Thanks for the writeup @untitaker! I’m sorry I haven’t been able to keep up with much of the conversation up to this point, but I figure it’s about time I write down some thoughts 
In general I agree and like the motivation section. I think there’s a real use case for publishing and notifying about security vulnerabilities on crates.io, and doing this through Cargo seems quite natural and what one might expect. Additionally I think it’s reasonable to avoid yank as the alternatives section outlines as well.
It may be worth putting some thought into the motivation section, though, in terms of ergonomics of a separate cargo advisory command. For example is the motivation to weed out vulnerable crates in the ecosystem ASAP, or is it to primarily just notify developers? To me there’s a spectrum of how “hard” Cargo can be about using a vulnerable crate, and we can certainly tweak the slider to see where we come up on that spectrum.
I personally would advocate for something which retains the current ergonomics of Cargo. That is, a cargo advisory feature would:
- Not overly pollute build logs
- Never break an existing build
- Be lightweight and easy to use without lots of process
(etc). Some of my comments below I believe will touch on this as well!
I’d recommend just requiring --vers. I think it’s easier to understand and I’d prefer to not have subtle differences between cargo yank and cargo advisory. I think it’d be fine to just run the command once per version as well, in theory this is something that’s called very rarely.
Cargo currently doesn’t do this, and it’s a tricky thing to do across platforms, so perhaps an alternative strategy could be taken? I’d recommend Cargo having the ability to generate a template (like you pasted) and then that template is passed as an argument to cargo advisory. Cargo can still do validation and print out summary information, but it avoids all the headaches of interactive CLI tools by sidestepping the problem!
My recommendation would be that if these are optional keys they don’t need to be included at all, e.g. omission is allowed.

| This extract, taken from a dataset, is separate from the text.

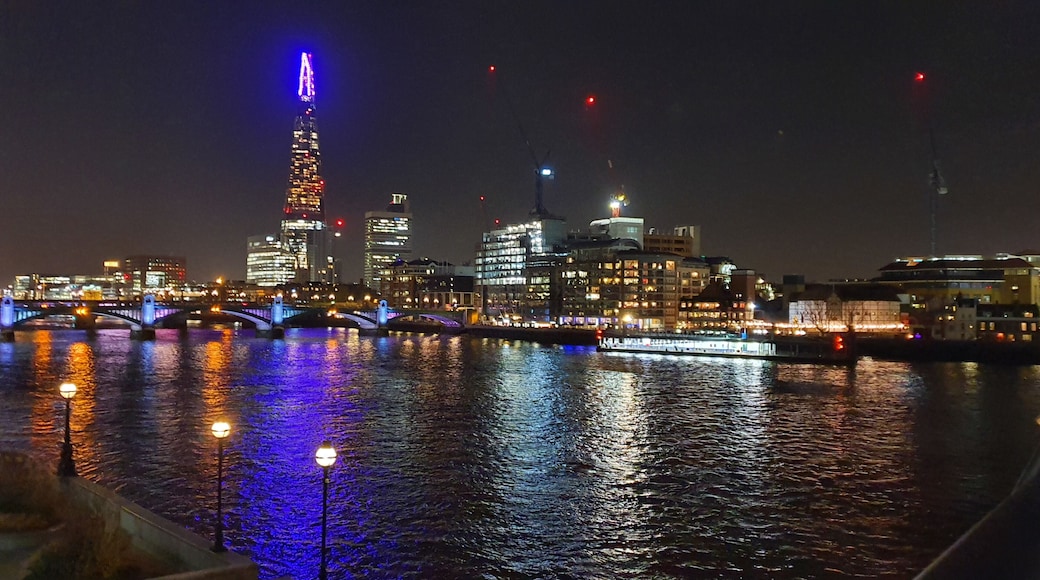 London's lights and The Shard
#London #UnitedKingdom
#LondonUK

Note that I very much like that the only required field here is a description, it feels like the right balance for “I can get something out” vs “I did all the rigamarole and I want to message everything”
Another thought of mine, can you add two advisory reports to a version of a crate? I’d argue that this should be allowed. For example a low-risk advisory could be issued but then later a more serious advisory could be added which should be messaged out again.
To me this I think will be the most contentious part of the RFC. I personally would find this behavior a non-starter, for example, as it would drastically change the ergonomics of Cargo in my opinion. In the few times I’ve used npm I’m constantly getting deprecation warnings about packages I’ve never heard of. Not only do I not know how to fix the issue but it’s also not always my problem (some upstream maintainer may need to update to a new major version).
So put another way, I feel like this is making Cargo far too harsh in terms of messaging this out. I think that messaging out is crucial, but we need to find a right balance here. If Cargo is constantly telling you that you’re using vulnerable packages, then we run the risk of developers conditioning themselves to just ignore all the reports, defeating the purpose of the feature in the first place!
I unfortunately don’t have a great concrete recommendation to give here, though. We could explore possibilities like “warn once a day” or “once a week” or “only on a new dependency being formed”. It may help to explicitly outline use cases of where an advisory would be read and fixed, and then given those scenarios we could design a messaging system that is effective but also unobtrusive for other scenarios.
I would personally also find this as a bit too harsh and go against my personal goal of “Cargo never breaks your build”. I feel that with the right messaging strategy we won’t need a restriction like this.
I feel like this is on the right track, and I like the idea that cargo publish has stricter requirements than other commands (as it’s so much more rarely called). I feel like it may be a bit too harsh, though, to reject a publish if any vulnerable version matches. As you mentioned there are legitimate use cases for relying on vulnerable crates, so I’d perhaps recommend the logic of if a fresh resolution has any direct vulnerable dependencies the publish is aborted. This abort-by-default behavior, though, could be papered over with a flag.
I also feel that allow-vulnerablein Cargo.toml is perhaps a little heavyweight for this use case, but maybe a flag doesn’t always suffice?
Sorry if some of that is dragging up discussions that have already happened, but feel free to just point me to existing threads if that’s the case!